Entre protestas por nuestro desmentido aseguraron que habían visto con sus propios ojos los efectos de la destrucción. El panorama que describían era desolador. Uno de ellos, sismólogo de profesión, juraba que si lo había contemplado no era lo más parecido al paisaje después de una siniestra ola, él era un simio. El asunto nos preocupó. Una de dos: o aquellos tipos estaban majaretas o nos estaban vacilando con ese humor centroeuropeo tan característico. Quedaba aún la posibilidad de que realmente hubiese sucedido algo y no nos hubiésemos enterado. Tal era la vehemencia, minuciosidad y verosimilitud de su descripción que empezamos a considerar la posibilidad que efectivamente hubiese sido así.
Los argumentos que esgrimieron, en principio no dejaban lugar a dudas, pero parecían fuera de contexto. Tal vez algunos detalles de nuestra idiosincrasia les llevó al error. Entendían los visitantes que la concentración y amontonamiento caótico de construcciones y edificios solo podía deberse a la violencia del mar en un avance de proporciones apocalípticas, semejante a las escenas que dejó el maremoto de Japón en 2011. Apoyaban sus tesis además en que la mayoría de ellos no eran más que esqueletos de hormigón de aspecto ciertamente cochambroso, sin duda a consecuencia de algo realmente destructivo (para enfatizar la narración, una mujer comentó la profusión de metálicos de cama que había visto en muchas fincas, lamentándose por la suerte de sus ocupantes).
Aludieron a la destrucción que contemplaron a cada paso; a los cientos de miles de metros cuadrados de explanadas vacías; a las montañas de neumáticos, inodoros, tuberías, sofás desvencijados, colchones mugrientos (a cuyos propietarios la mujer dedicó otro emotivo recuerdo) y cascotes que jalonaban caminos y carreteras, como si una ola gigantesca hubiese arrasado todo a su paso.
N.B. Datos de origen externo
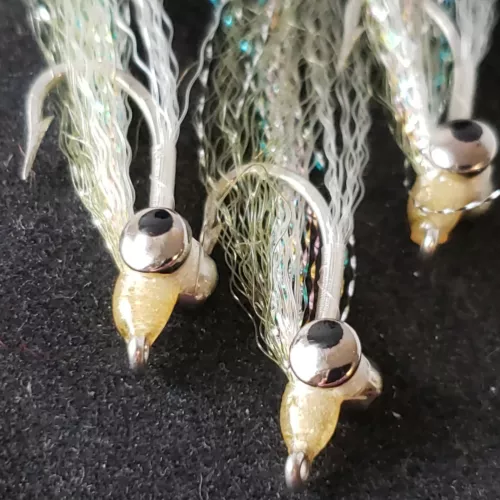 FISHING FLIES CLOUSER MINNOW ANCHOVY # 8 CUSTOM TIED BASS SALTWATER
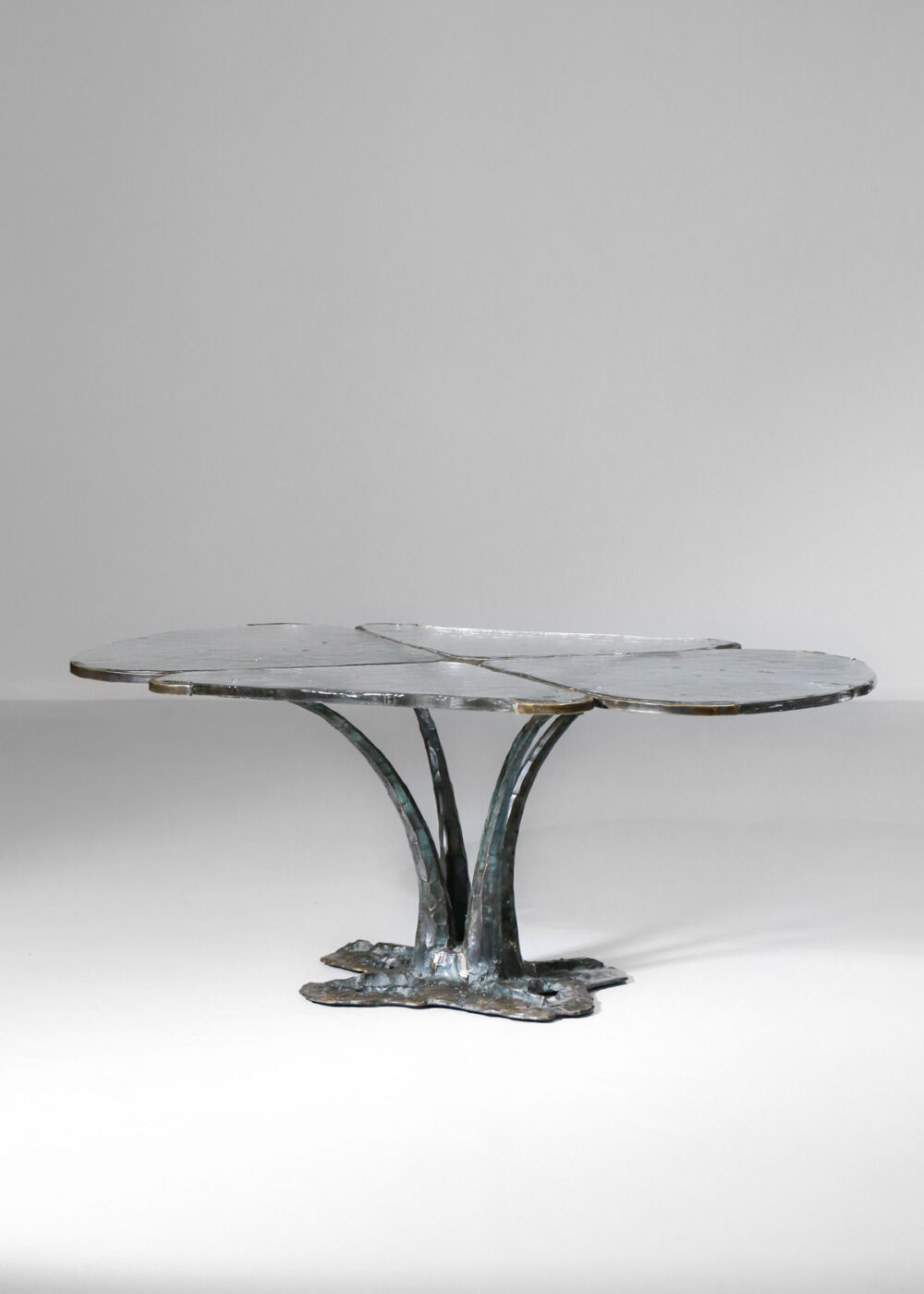 table basse lothar klute bronze design allemand verre 1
Concluyeron que si eso no era el resultado de un cataclismo no sabían que otra cosa podía ser. Salvo un desastre nuclear. Recordaron además haber visto numerosos barcos varados tierra adentro (curiosamente siempre en rotondas o lugares así). Con paternal condescendencia y sincera simpatía hacia su candor les rescatamos de su confusión: el resultado del espectral panorama al que se referían no se debía a un tsunami sino a un gentilicio.